La tipa esa se reía, supongo que comentando su hazaña con los de su pandilla. Debo reconocer que ella estaba en lo cierto. Sin zapatos se puede andar. Y también correr. No recuerdo los detalles, sólo que mi cabreo me quitó cualquier limitación, convención social, cansancio, prudencia. Ella no se esperaba eso de la «rubita», estaba de espaldas hablando con sus colegas, aún por vestir, y del tirón que pegué a sus trenzas la tumbé en el suelo. Agarrándola bien del pelo y llamándola hija puta, la arrastré con todas mis fuerzas por la arena mientras la otra intentaba reaccionar. No sé qué hubiera ocurrido después si Oriol no me sujeta a mí y varios a ella. Me apetecía echarla al fuego, junto a mis zapatos, o al menos arrancarle de un tirón los pendientes de los pezones, pero pasado el primer arrebato dejé que Oriol me apartara de la trifulca. La metálica se había recuperado y gritaba improperios, mirándome con ganas locas de partirme la cara pero, afortunadamente, de momento, la tenían controlada.
Oriol pasó el viaje a Barcelona riendo. Yo palpaba con los dedos de mis pies la goma del suelo del coche haciendo balance de la situación. Troglodita. Me había comportado peor que los trogloditas.

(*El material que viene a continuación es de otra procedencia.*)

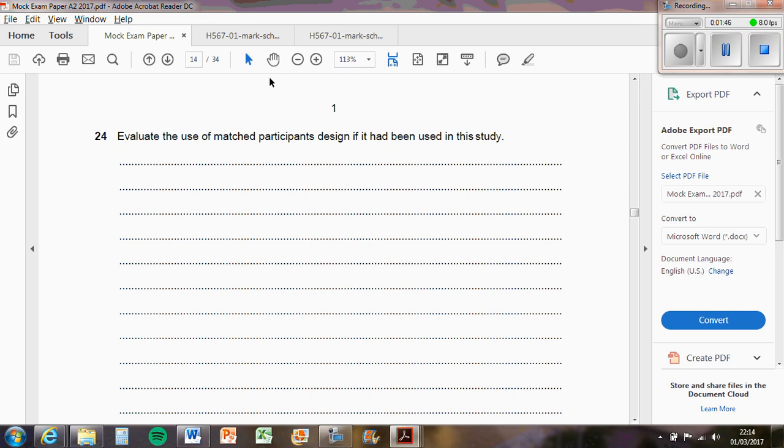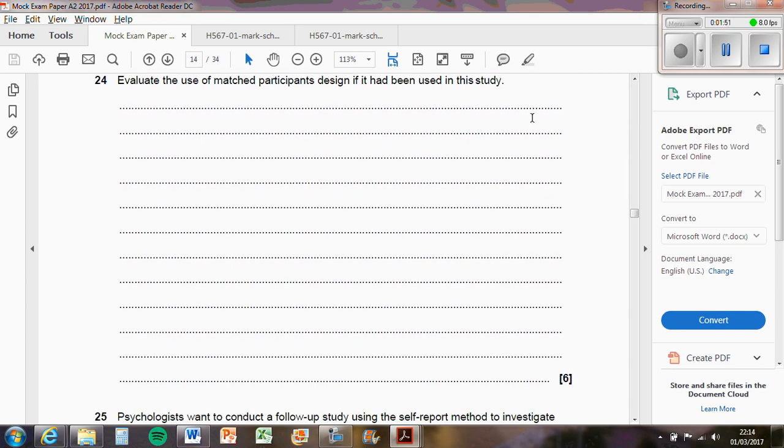So any effects not due to the ink color but due to these participant variables, and so that's a weakness of using matched pairs design. You need to write them in point or clearly to get the marks for the question.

– ¿Vas a poder andar por la vida sin zapatos de doscientos euros? -me increpó divertido.
Me uní a sus risas. La aventura valía mucho más. Carpe diem.
TREINTA Y OCHO
Me despertó el sonsonete de mi teléfono móvil. «Debo cambiar esa musiquilla», me dije. Estaba ya harta de ella y en ese momento mucho más. ¿Quién llamará a estas horas? ¿No podrían esperar a que estuviera despierta? Era Artur Boix para preguntarme cómo me había ido la noche. ¿Noche? Si para mí aún lo es. ¡Claro que me acosté tarde! Tanto que era demasiado pronto. No, los templarios me trataron bien. ¿Quedar a comer? No, desde luego que no. ¿Que ya es la una? Lo siento pero quiero dormir, llámame cuando esté despierta. No estuve amable, recordé que había ido a la verbena sin mi recién adquirido móvil y que Artur debió de llamarme para saber si estaba bien. Me puse a pensar en el amanecer, en el chapoteo en el mar y en Oriol en cueros. Me amodorré. No creo que llegara a dormirme porque el maldito teléfono sonó de nuevo. ¿Cómo no se me ocurrió apagarlo? Ésta vez era Luis. Estaba excitado.